Sebelum 1945 , NIVU (Nederlandsch Indische Voetbal Unie) mengadakan kompetisi sepakbola lokal untuk bond-bond indonesia. Sebuah kompetisi penuh juga diadakan oleh pribumi, tidak ada persaingan dengan kompetisi yang diadakan oleh pemerintah belanda. Berjalan sendiri-sendiri dan semua adalah amatir.
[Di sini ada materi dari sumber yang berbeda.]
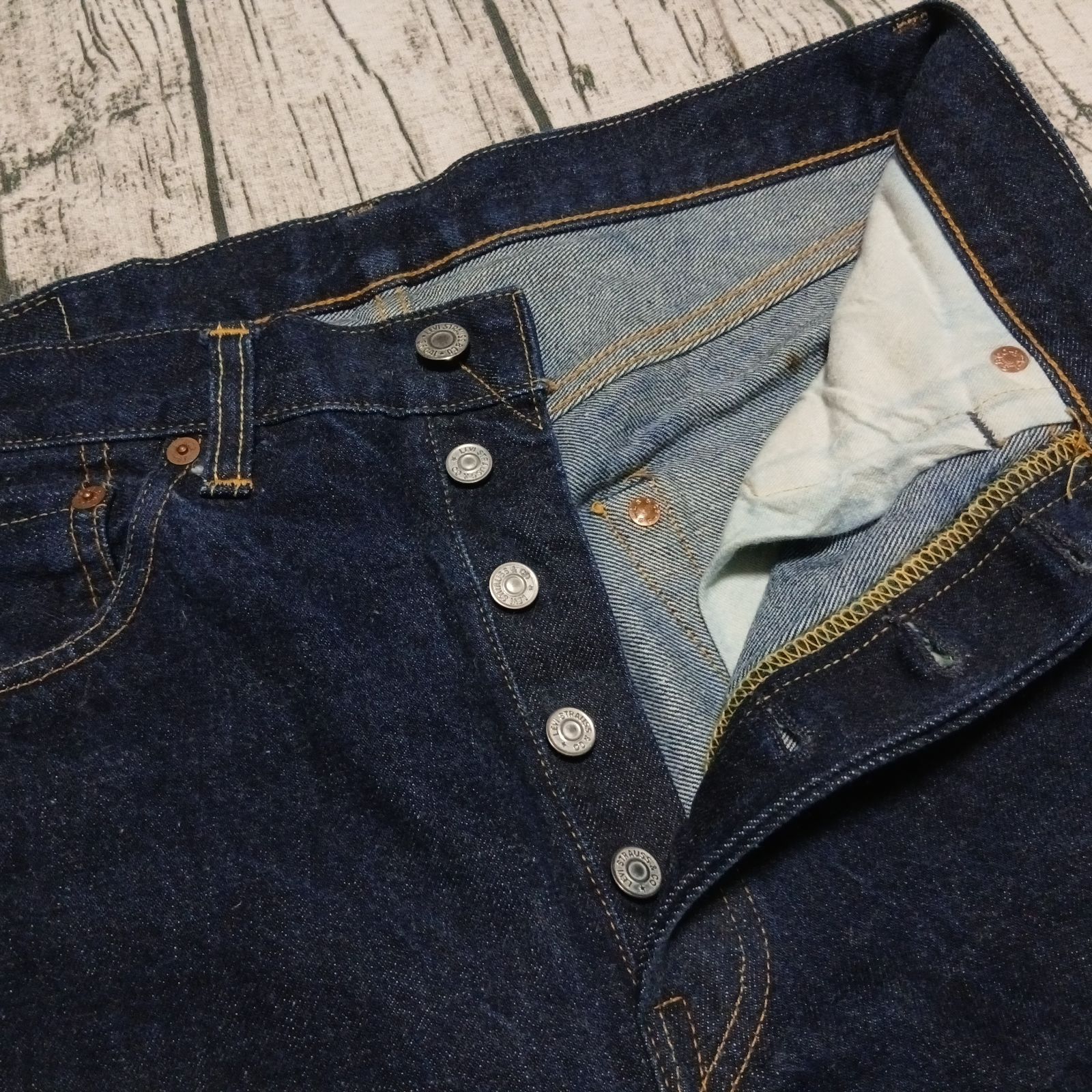 W32】 98年 バレンシア製 LEVI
Soerabaiasche Voetbal Bond (SVB) adalah kesebelasan yang meramaikan peta kompetisi pemerintah belanda NIVB, juara silih berganti antara Jakarta, Bandung dan Surabaya.
Dari data didapatkan bahwa Voetbalbond Batavia en Omstreken (VBO) juara sebanyak 12 kali, diikuti Soerabaiasche Voetbal Bond (SVB) sebanyak 11 dan Voetbal Bond Bandoeng Omstreken (VBBO) dengan juara 3 kali.
Kelak, SVB melebur menjadi Persebaya yang merupakan gabungan dari dua kesebelasan dari dua kompetisi (kompetisi NIVU dan kompetisi PSSI era awal).
Dari kompetisi lokal Persebaya didapat klub-klub anggota Persebaya yang hebat antara lain Cello, Maruto, Cahaya Laut.
Dari kompetisi bond-bond indonesia, nama Persis Solo dengan kiper Maladi menjadi paling kuat diantara lain. Beliau tidak memungkiri fakta tersebut,
“Mainnya bagus, kalau mau main ingin seperti mereka.”
“Peta sepakbola dahulu berada di tengah, antara Jogja dengan PSIM dan Solo dengan PERSIS.”
Antara tahun 1948-1949 adalah masa peralihan, masih dijumpai kesebelasan-kesebelasan belanda yang bermain melawan kesebelasan indonesia. Perlu diingat, saat itu suasana pasca agresi militer 2 Belanda.
“Kita bermain biasa, seperti kalau menghadapi klub-klub yang lain. dilapangan boleh keras tapi setelahnya bersalaman.”
“Perang dan sepakbola dipisahkan, semua berlindung diatas payung sportifitas.”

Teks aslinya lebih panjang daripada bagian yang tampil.